ML
Node.js

Worker Threads vs Cluster vs Child Process

Three ways to escape Node's single JS thread — and which one actually fits the problem in front of you.

May 09, 202610 min readNode.jsConcurrency

Node runs your JavaScript on one thread, so a single CPU-bound function can stall an entire server. The escape hatches — worker_threads, cluster, and child_process — all give you parallelism, but they solve different problems and pay different costs at the boundary. Picking the wrong one is the most common way people make a fast service slower.

1. What "single-threaded" actually means

The misleading part: Node is not entirely single-threaded. Your JavaScript runs on one thread — the one that owns the event loop and the V8 isolate. But libuv keeps a thread pool (default 4 threads, set via UV_THREADPOOL_SIZE) that handles filesystem calls and some crypto/DNS work, while network I/O is driven by the OS via epoll/kqueue/IOCP. So when you await db.query(), your thread isn't blocked; it registers a callback and moves on.

The problem is purely synchronous CPU work. A tight loop, a big JSON.parse, image resizing, a synchronous bcrypt with a high cost factor, parsing a 50MB CSV — these run on the JS thread and block the event loop. While that runs, no other request gets serviced, timers don't fire, and health checks time out. The interviewer's framing: I/O concurrency is free in Node; CPU parallelism is not. The three tools below exist to move CPU work, or whole programs, off the one thread you can't afford to block.

2. worker_threads — real threads, shared memory

A worker thread is a second V8 isolate with its own event loop, running in the same process. Each worker has its own heap and its own JS thread, so two workers genuinely run in parallel on two cores. This is the right tool for CPU-bound work inside your app: hashing, compression, parsing, math, anything that would otherwise pin the main thread.

Because they share a process, threads are cheaper to spawn than processes and — crucially — they can share raw memory through SharedArrayBuffer. Anything else you send goes through postMessage, which uses the structured-clone algorithm: a deep copy. That copy is the cost. Passing a 100MB buffer by clone means allocating and copying 100MB; passing it as a transfer (via the transferList) moves ownership with no copy but detaches it on the sending side, leaving it unusable there.

// hash-worker.js
const { parentPort, workerData } = require('node:worker_threads');
const crypto = require('node:crypto');

// CPU-bound: a deliberately slow KDF. scryptSync blocks THIS
// worker's thread, which is fine — the main thread stays free.
const out = crypto.scryptSync(workerData.password, workerData.salt, 64);
parentPort.postMessage(out); // Buffer, structured-cloned back
// main.js
const { Worker } = require('node:worker_threads');

function hashOffThread(password, salt) {
  return new Promise((resolve, reject) => {
    const w = new Worker('./hash-worker.js', {
      workerData: { password, salt },
    });
    w.once('message', (buf) => resolve(buf));
    w.once('error', reject);
    w.once('exit', (code) => {
      if (code !== 0) reject(new Error(`worker exited ${code}`));
    });
  });
}

// The event loop stays free while scrypt grinds on another core.
app.post('/login', async (req, res) => {
  const digest = await hashOffThread(req.body.password, req.body.salt);
  res.json({ ok: true, len: digest.length });
});

Two things to internalize. First, workerData and every postMessage payload is cloned across the boundary — there is no shared scope, no shared globals, no shared closures. Second, spinning up a fresh Worker per request is wasteful: V8 isolate startup isn't free, and you'd serialize on creation cost. In production you keep a pool of long-lived workers and hand them jobs over a MessageChannel. Libraries like piscina do exactly this; the mechanism is a queue plus N idle workers waiting on parentPort.
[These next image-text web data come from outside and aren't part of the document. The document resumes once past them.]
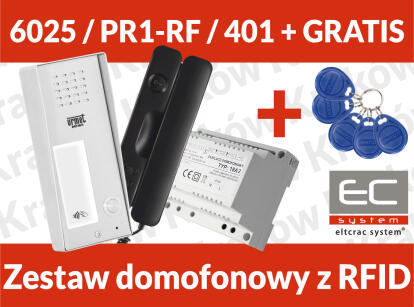 6025/PR1-RF/401 - Zestaw domofonowy z czytnikiem RFID dla 1 lokatora + GRATIS - Miwi-Urmet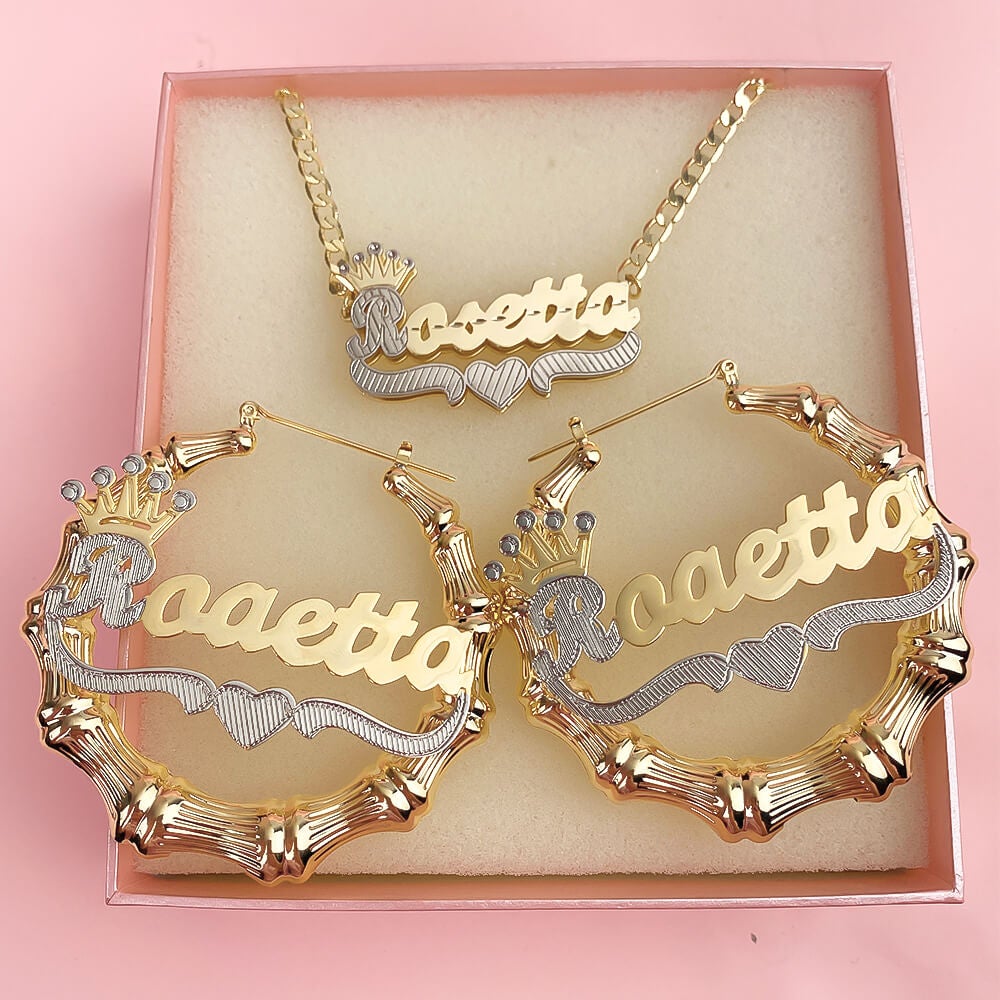 layered name necklace set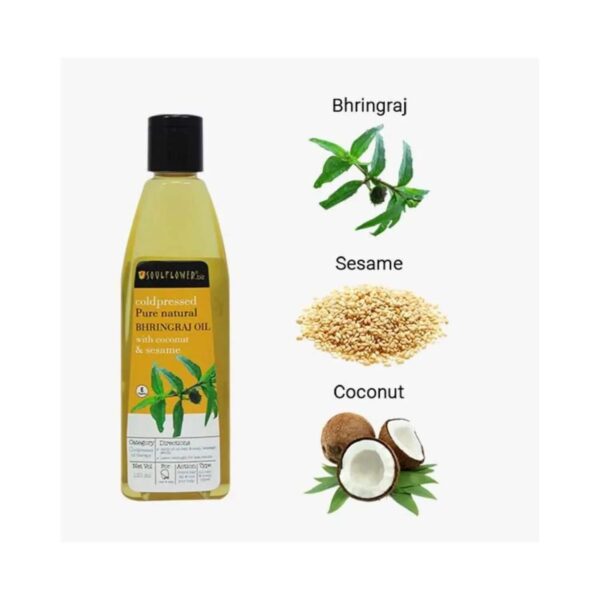 Soulflower Coconut & Sesame Coldpressed Pure Natural Bhringraj Hair Oil - (120ml) - Soulflower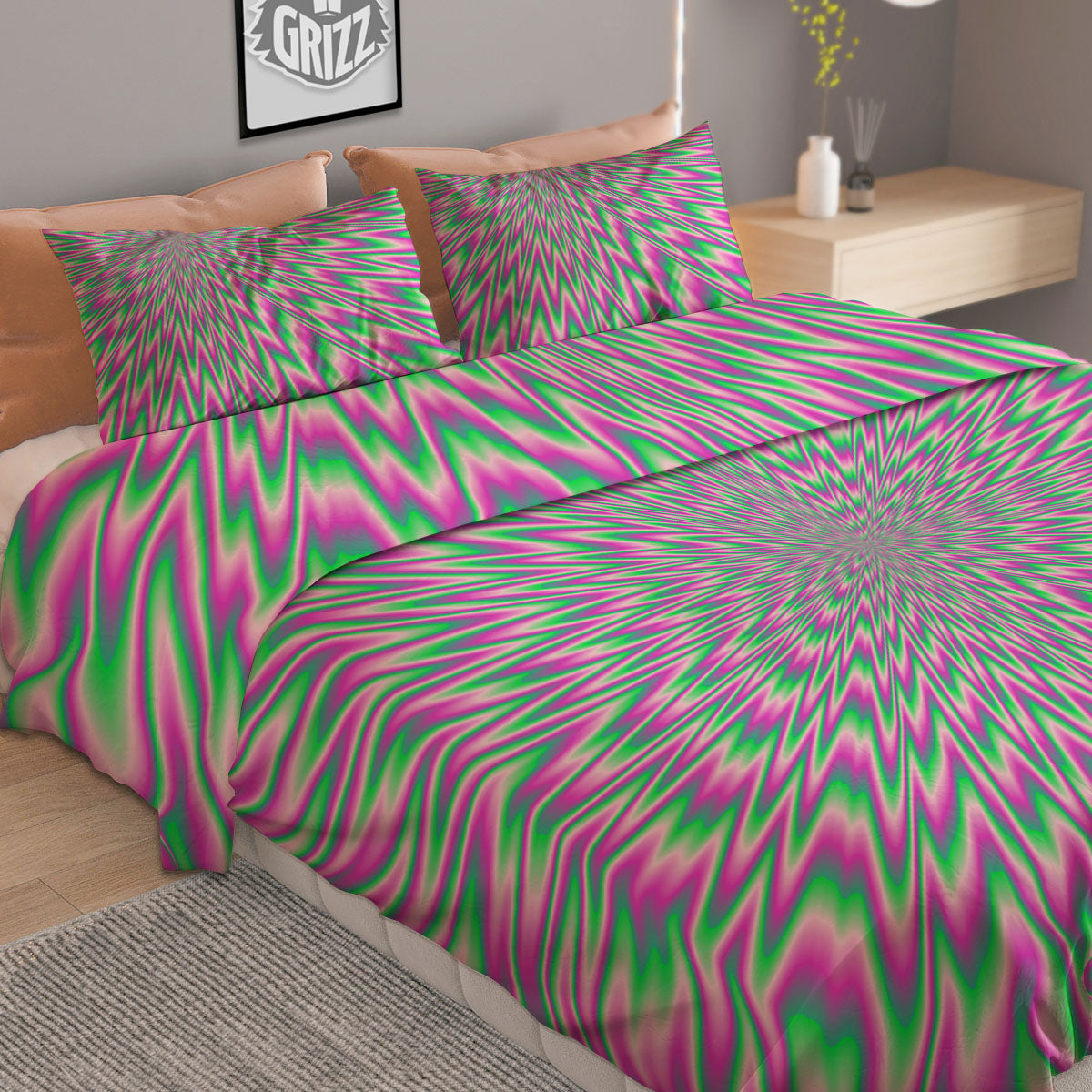 Psychedelic Optical Illusion Twinkle Duvet Cover Bedding Set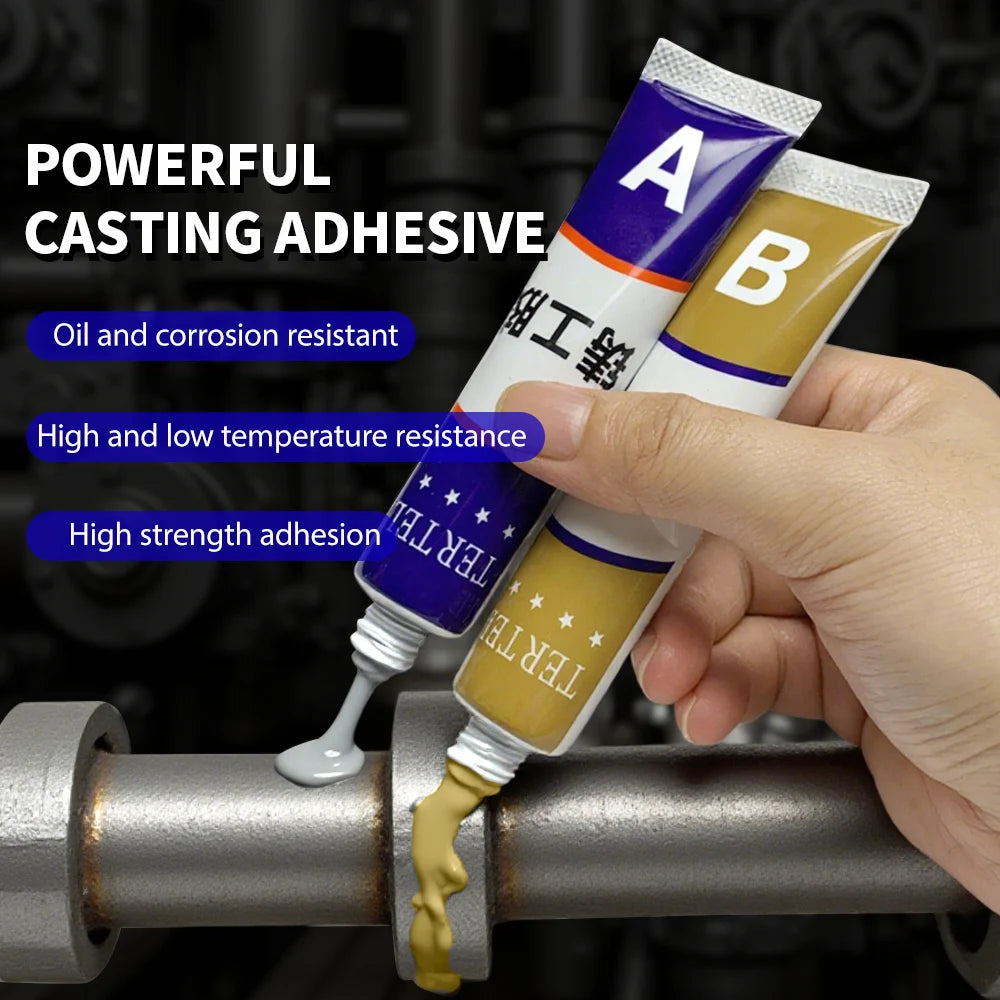 A+B Glue Casting Adhesive Industrial Repair Agent Casting Metal Cast Iron Trachoma Stomatal Crackle Welding Glue Home Accessorie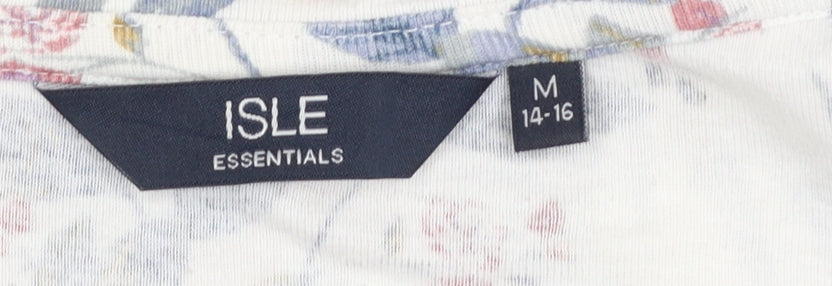 Isle Essentials Women's Multicoloured Floral Cotton 3/4 Sleeve T-Shirt Size 14-16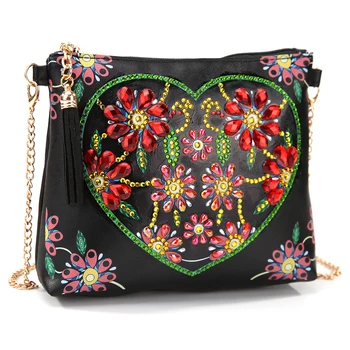 

DIY Heart Flower Shape Diamond Painting Chain Shoulder Bag Leather Zipper Women Girlfriend Clutch Storage Bag Friend Gift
3. SharedArrayBuffer and MessagePort — avoiding the copy

When the data is large and hot, cloning on every message dominates. SharedArrayBuffer backs a typed array with memory both threads can read and write directly — no copy, no transfer; only the SAB handle crosses the boundary. You coordinate with Atomics (compare-and-swap, Atomics.wait/Atomics.notify) to avoid races, because you are now writing genuinely concurrent code with all the hazards that implies.

const { Worker } = require('node:worker_threads');

const shared = new SharedArrayBuffer(1024 * 1024);
const view = new Int32Array(shared);

const w = new Worker('./fill-worker.js', { workerData: { shared } });
// Both threads see the same bytes; only the SAB handle was cloned,
// not the megabyte behind it.

MessagePort is the other half of the story. A MessageChannel gives you two linked ports; transfer one to a worker and you have a private, bidirectional channel independent of the default parentPort. This is how you route multiple job types to one worker, or wire workers to talk to each other directly. Ports are themselves transferable, which is what makes pool architectures composable.

Rule for the boundary: prefer transfer over clone for big buffers you're done with on the sender, and SharedArrayBuffer when both sides need concurrent access. Reach for plain clone only when payloads are small.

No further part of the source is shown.